- [The task]:
Taking the entries below, transcribe only the lines starting with the one with "Luxury Sedan Culture" and going on through the one with "Schmale Stretchhose in", exactly as written, without the pictures.
== Supplied material
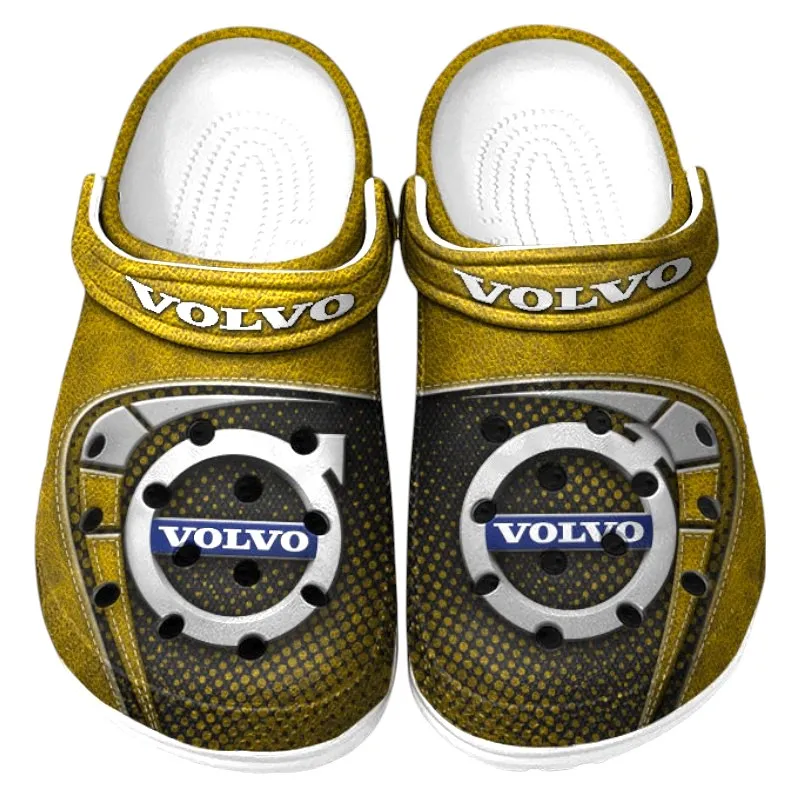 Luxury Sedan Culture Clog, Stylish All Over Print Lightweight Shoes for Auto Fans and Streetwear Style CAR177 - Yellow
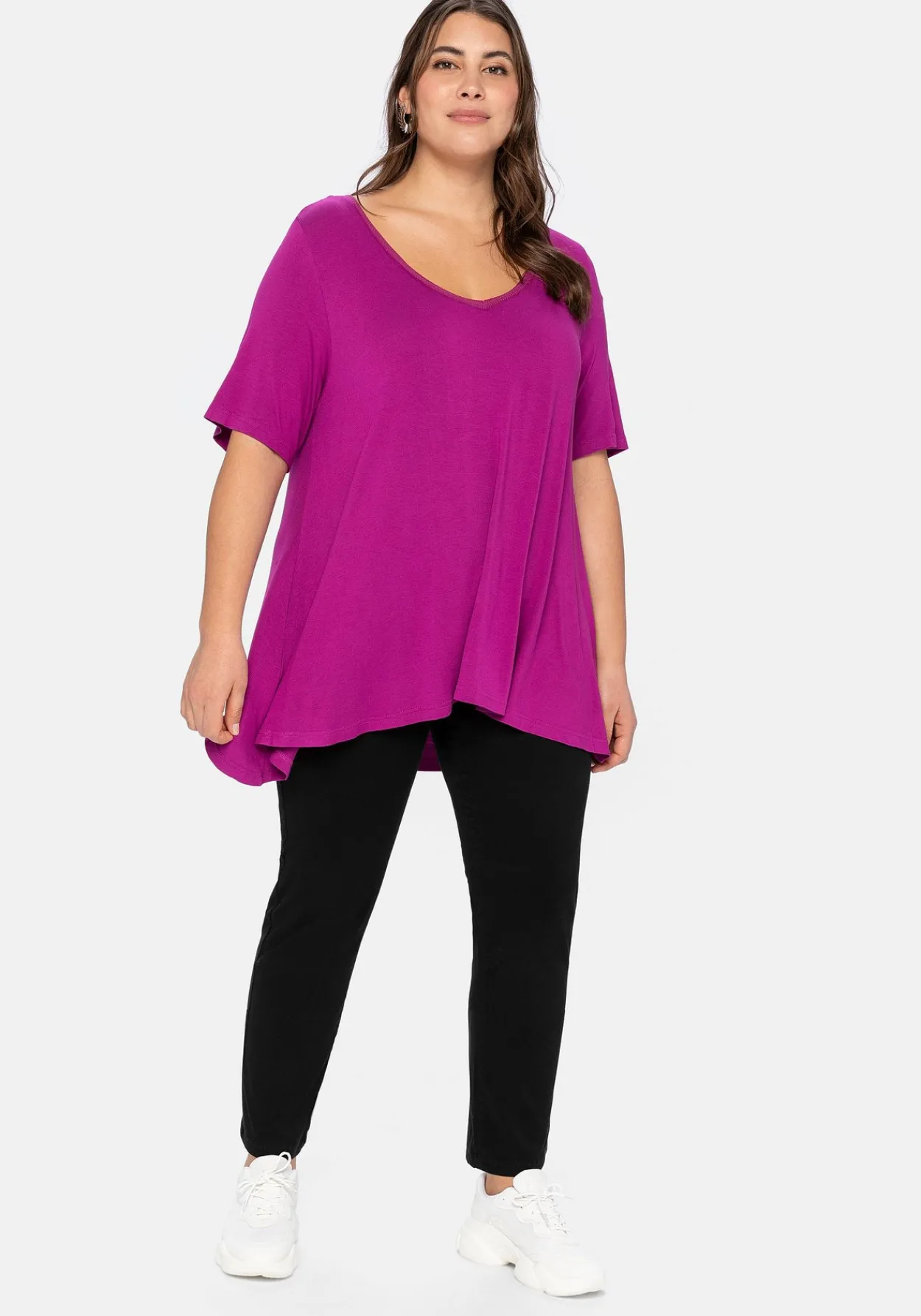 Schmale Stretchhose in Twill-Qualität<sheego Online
====
== Supplied material
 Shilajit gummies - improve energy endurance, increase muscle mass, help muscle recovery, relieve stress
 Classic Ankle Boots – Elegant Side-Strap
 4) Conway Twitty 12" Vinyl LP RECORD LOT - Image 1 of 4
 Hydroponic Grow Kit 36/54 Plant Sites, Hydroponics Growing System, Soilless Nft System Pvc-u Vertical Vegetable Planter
====
- [Solution]:
 Luxury Sedan Culture Clog, Stylish All Over Print Lightweight Shoes for Auto Fans and Streetwear Style CAR177 - Yellow
 Schmale Stretchhose in Twill-Qualität<sheego Online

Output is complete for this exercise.